My first ghosting: I was so excited when Joe called me that Christmas Eve in 2000. Both single parents, we met at our children’s school. After the phone conversation, in which we really clicked, he asked me to dinner. Although the evening didn’t see sparks fly, it was truly a lovely time. He called several more times and invited me to his home for dinner. Once again, I accepted and we continued, or at least I thought, to get along and progress in our relationship. Until we didn’t. The phone stopped ringing.

The invites stopped coming. When I reached out to him to find out what went wrong, he’d ignore my calls. I called several times pleading to know something, anything. I even reached out to mutual friends; they were equally confused. The unsettling discomfort of not knowing what happened or if I did anything wrong was overwhelming. 

Did I say or do something wrong? Not say or do something? I pleaded with him to be honest with me, but he simply vanished. I never heard from him again. Ghosting is cruel. Not only is it sad to lose a relationship of any kind, but also not knowing what ended it is torture. I was left utterly and completely baffled. I wracked my brain trying to think what I might have done, but came up empty-handed. So, I mourned the loss of a burgeoning friendship while simultaneously having no closure to it.

The second time I was ghosted — which apparently is also called “simmering” or “icing” — was about two years ago. I worked with Eileen at not one, but ironically two places of employment. We were work friends as well as outside-of-work friends, and stayed in frequent touch when our career paths parted. This time the ghosting came in the form of sudden unreturned calls and texts. After several attempts to connect with her, it was clear something was very wrong. Again, I played out every scenario and every conversation we’d had recently, trying to find a clue as to why she was doing this.

Also, again — nothing. Once, when I directly asked why she was ghosting me, she did reply, insisting she wasn’t doing that, but that she was just very busy. That last contact was two years ago. I see her interactions with others on social media, and I’m left with an empty feeling in the pit of my stomach. What did I do so wrong that not only I can’t even pinpoint, but also caused her to end a fairly long and connected friendship?

This time the ghosting hurt more than it did the first time. For one, I had at least 10 years invested in this friendship. Heck, I even went to her wedding. Second, because this now happened twice I began to think there was something wrong with me.
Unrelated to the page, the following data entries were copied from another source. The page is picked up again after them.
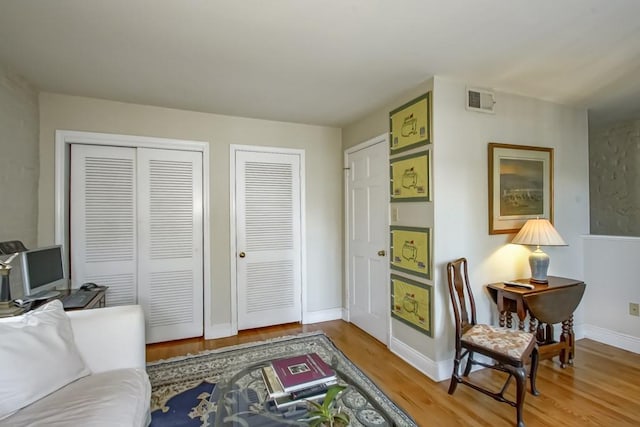 sitting room featuring hardwood / wood-style flooring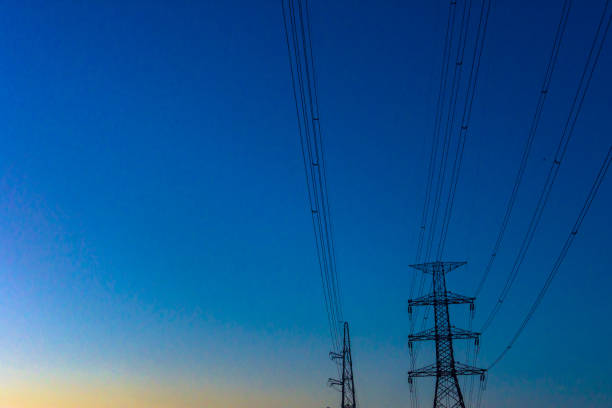 istock Electricity station. Close up high voltage power lines at sunset. 906629458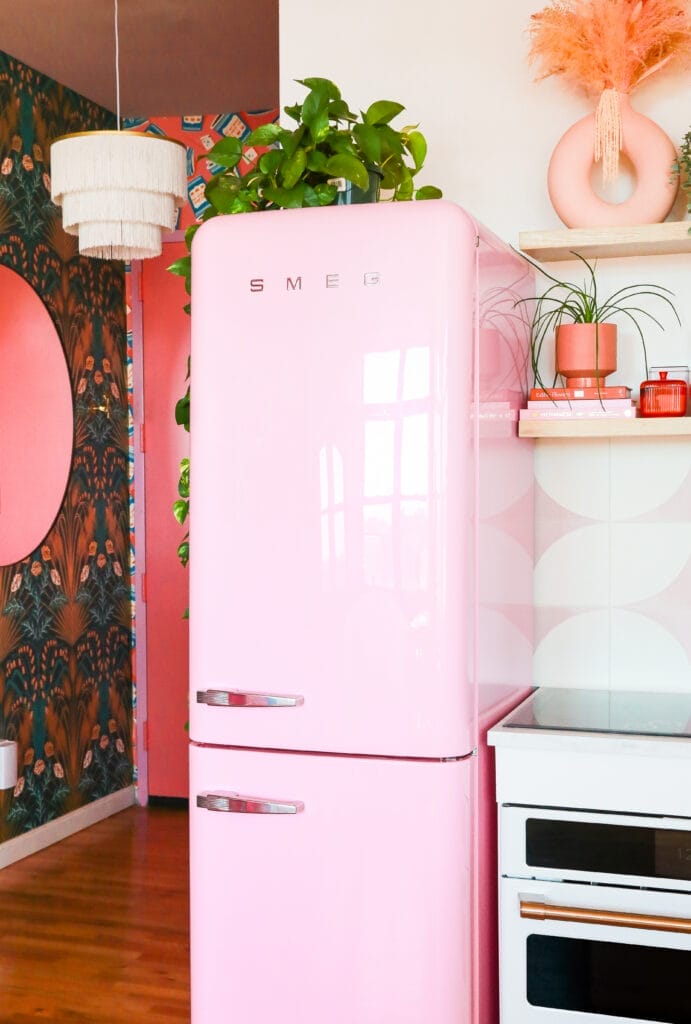 colorful kitchen with pink fridge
According to, one of the reasons ghosting occurs is because it’s simply “the easy way out.” There is no awkward sharing of feelings. Bree Jenkins, a licensed marriage and family therapist, explains, “It’s almost like sudden loss [or] grief, especially the first time you’ve ever been ghosted. You are shocked, and you’re in denial, thinking things such as ‘maybe they didn’t see my text.’ Then you feel anger. Next, the feelings of depression [can] kick in along with feelings of poor self-esteem as you mentally reexamine your relationship and last conversation for possible warning signs.”

And while my two ghosters went *poof* into thin air, I forgive them. But honestly, the emotions linger — including the nagging feeling of wondering what went wrong. Unfortunately, I guess I'll never know.